:: WORK ORDER ::
Return the data below unchanged, without images.

:: DATA UNDER STUDY ::
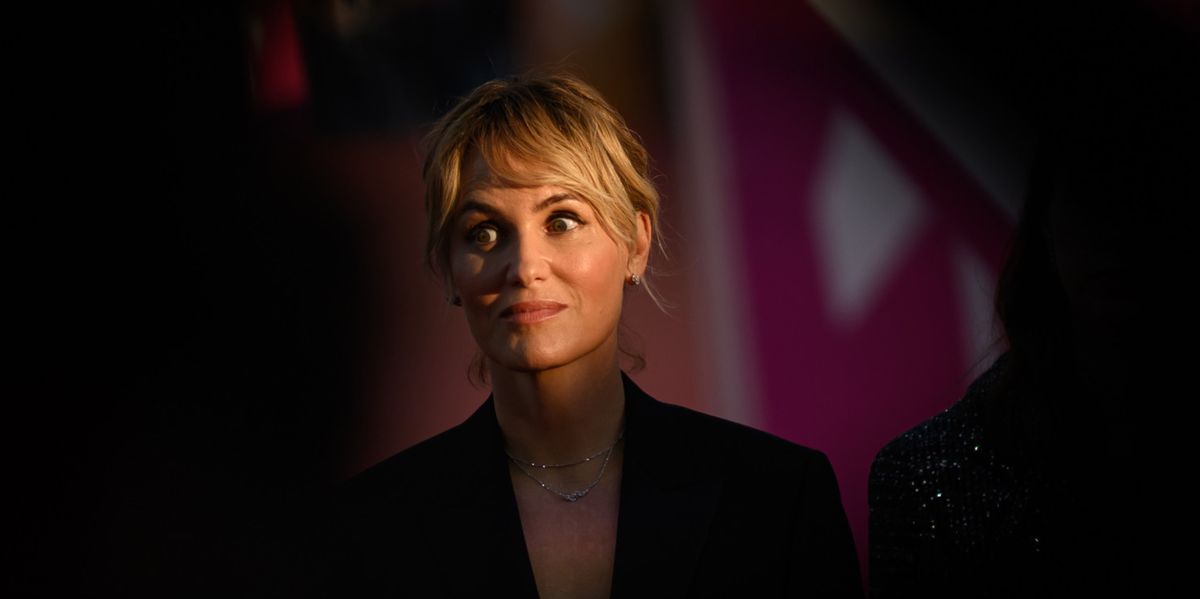 L’actrice française Judith Godrèche à son arrivée à la 49e édition du festival du film américain à Deauville, le 2 septembre 2023.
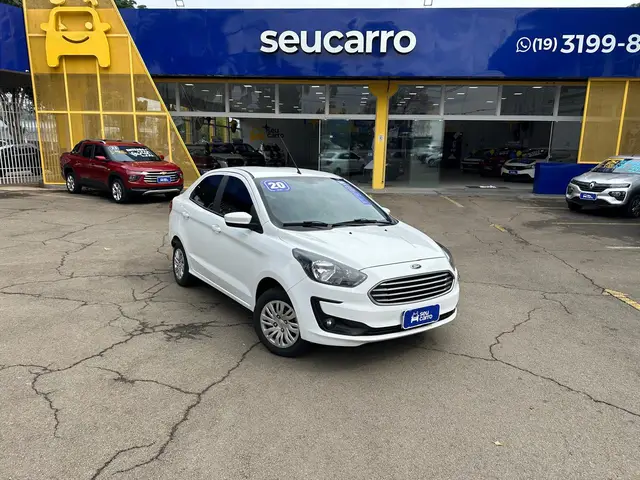 Carro Ford Ka Sedan 2020 SE Plus 1.5 12v (Flex)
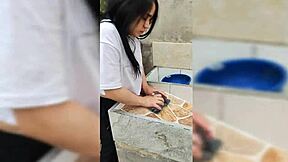 Convincing my step-cousin to FUCK in the USA.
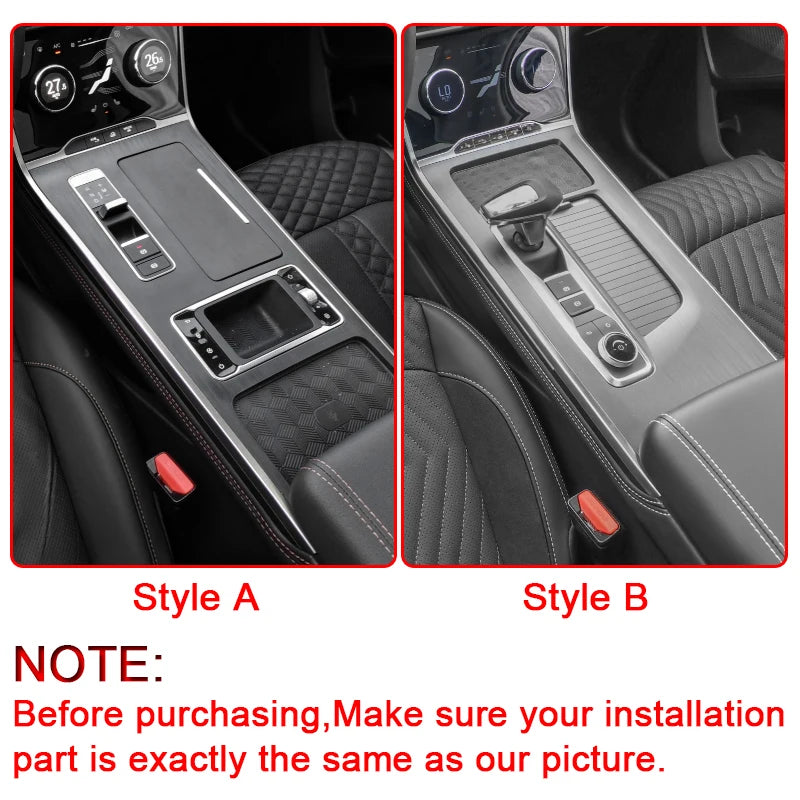 Gear Panel Sticker for Chery Exeed TXL/TX/VX – Carbon Look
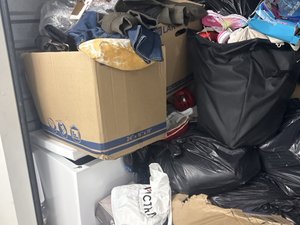 10 x 20 storage unit in Houston, TX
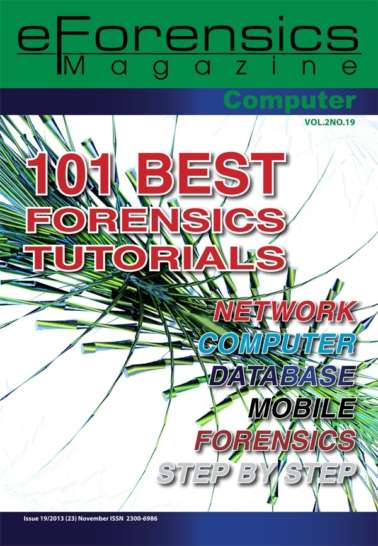 LEARN “HOW TO” – 101 BEST FORENSIC TUTORIALS - EForensics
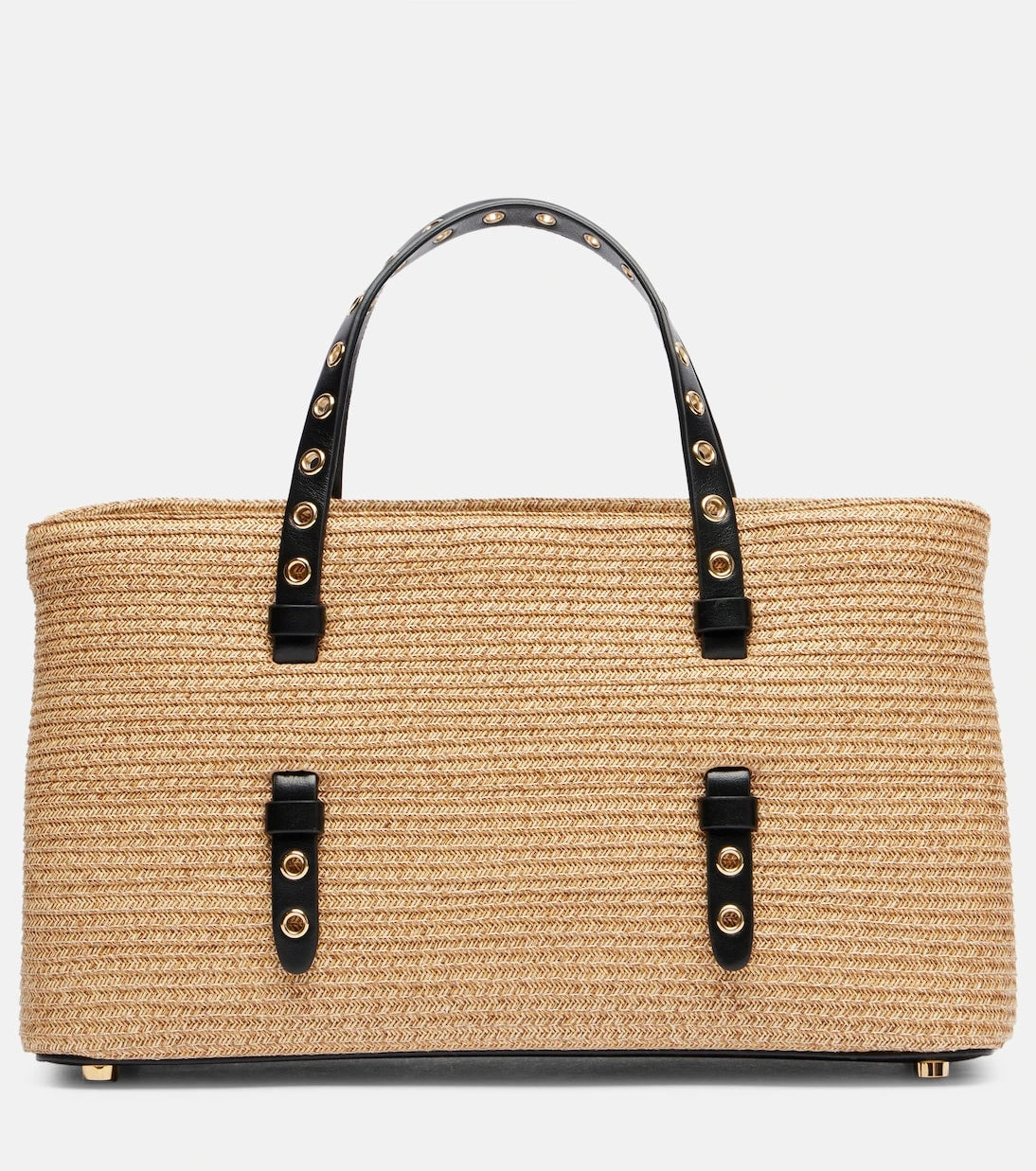 Alaïa - Mina 25 Medium woven tote bag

:: TASK OUTPUT ::
 L’actrice française Judith Godrèche à son arrivée à la 49e édition du festival du film américain à Deauville, le 2 septembre 2023.
 Carro Ford Ka Sedan 2020 SE Plus 1.5 12v (Flex)
 Convincing my step-cousin to FUCK in the USA.
 Gear Panel Sticker for Chery Exeed TXL/TX/VX – Carbon Look
 10 x 20 storage unit in Houston, TX
 LEARN “HOW TO” – 101 BEST FORENSIC TUTORIALS - EForensics
 Alaïa - Mina 25 Medium woven tote bag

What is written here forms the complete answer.